[R-sig-ME] Factor collapsing method

Sat Sep 24 23:02:47 CEST 2011

Iker Vaquero Alba <karraspito at ...> writes:

> After several analyses, I get a significant effect in 
> a factor with 7 levels. As I am doing a stepwise
> simplification, I get my p-values from the anovas comparing
>  pairs of models. But that way, I obviously get
> only one p-value for the factor, but I can't know which of the 
> levels are the most important ones in
> determining that effect. I have an idea from the p-values of 
> the "summary" table, and I can also plot the
> data to see the direction of the effect. However, I have read in a
>  paper that there is a method to collapse
> factor levels to obtain information about which factor levels 
> differ from one another, that is used when an
> explanatory variable has a significant effect in the 
> minimal model and contains more than two factor
> levels.
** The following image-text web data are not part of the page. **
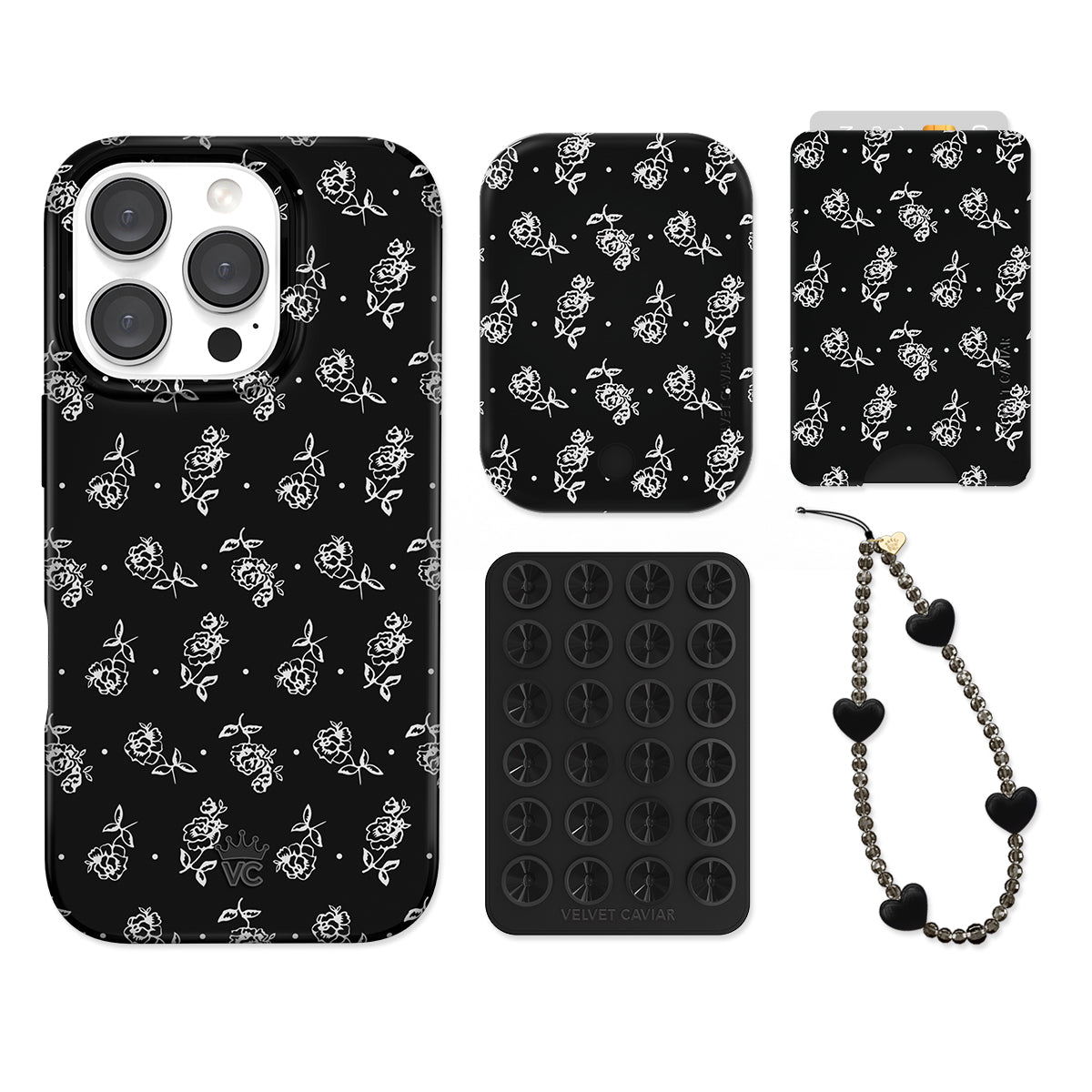Vintage Roses iPhone Bundle Set - Wallet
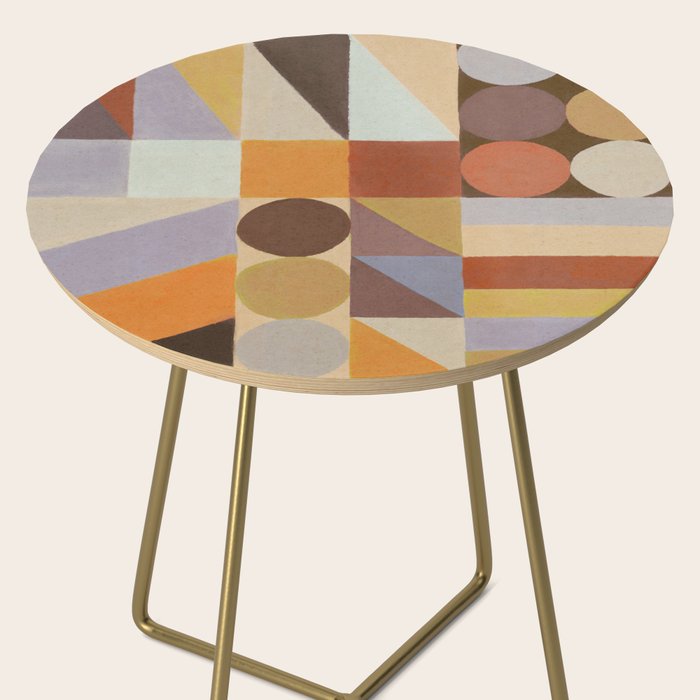Geometric Shapes & Colors #1 Side Table Gallery Image 2
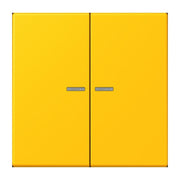 Jung - Abdeckung/Bedienelement für Installationsschalterprogramme Wippe mit Lichtleiter LC 102 KO5 263 le jaune vif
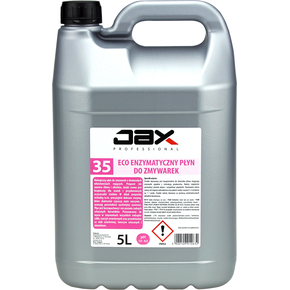 Enzymatyczny eco płyn myjący do zmywarek 5 l | JAX, 35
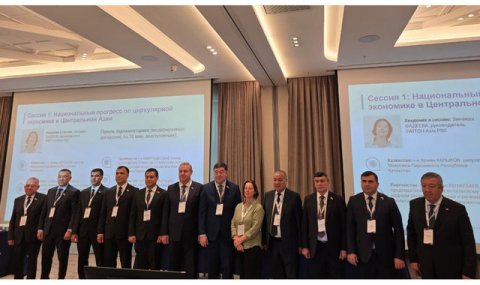 Делегация Меджлиса Туркменистана участвовала в диалоге по циклической экономике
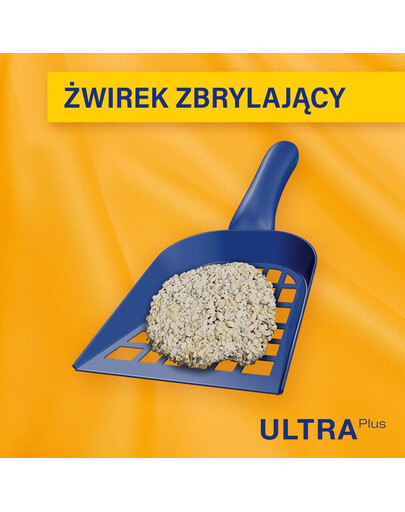 CATSAN Ultra Plus  hrudkovité stelivo pre mačky 15l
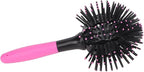 Hair Brush, 360 Degree Round Ball Hair Comb High Temperature 3D Curly Hair Comb for Wet and Dry Hair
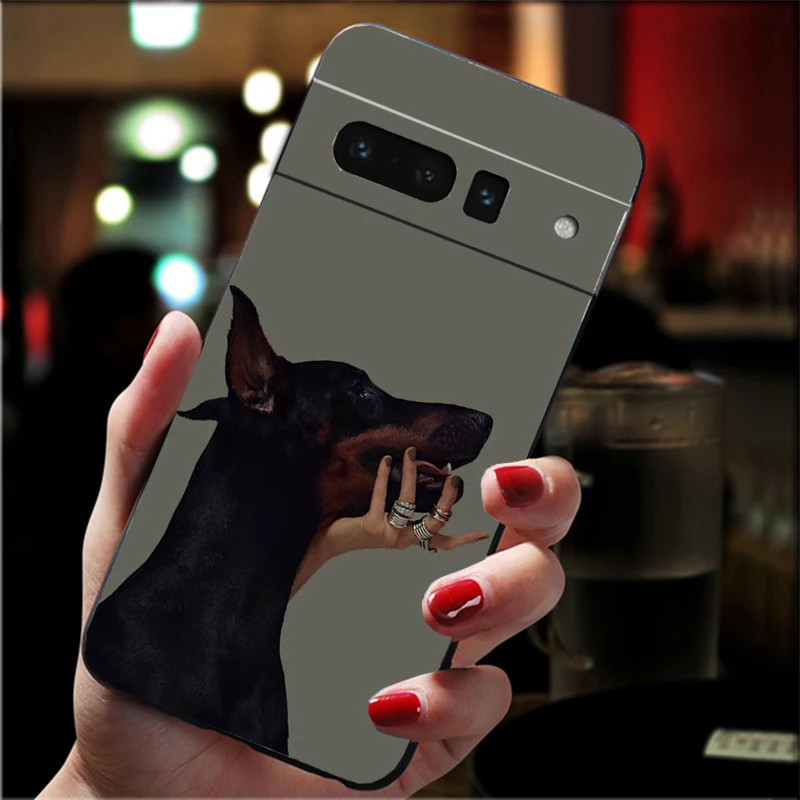 

Phone Case For Google Pixel 10 9 Pro XL 9A 8 7 6 Pro Pixel 8A 7A 6A Pixel 8 7 6 5 Doberman Dog Animal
I have looked for it in the Crawley book and 
> in the web, but I actually cannot find anything, and I
> don't know which terms are more appropriate for searching. 

  I'm sorry to critique rather than answering your question, but:

The glht function from the multcomp package at least apparently
works for "mer" objects (i.e. lmer/glmer fits) -- that is, it
gives apparently sensible results in one very quick trial.
That will give you the classical post hoc multiple comparisons
results, subject to caveats about how approximately they apply
in the mixed model context.

If you really want the term-by-term p-values for the null hypotheses
that the individual contrasts are equal to zero, and you need
a more accurate result than the Wald test, you can try expanding
your model out into the model matrix form and dropping the columns
one at a time, or using drop1 -- this will give you likelihood
ratio tests (better than Wald, but still assuming large N).

  Testing hypotheses about individual factor levels is fine (as long
as you either correct for multiple comparisons or specify sensible
[hopefully orthogonal] _a priori_ contrasts, but I start to get
worried about the prospects of lumping levels.  Why are you doing
this?  Doing it carefully, via some form of shrinkage, might make
sense in a data mining/data exploration context, (see reference below,
which I just grabbed off google scholar without reading) especially if
you had _lots_ of levels, but if you're just trying to squeeze out a
few extra degrees of freedom, my suggestion would be: "don't".

Bondell, Howard D, and Brian J Reich. 2009. “Simultaneous Factor
Selection and Collapsing Levels in ANOVA.” Biometrics 65 (1) (March
1):169-177. doi:10.1111/j.1541-0420.2008.01061.x. 
http://onlinelibrary.wiley.com/doi/10.1111/j.1541-0420.2008.01061.x/abstract.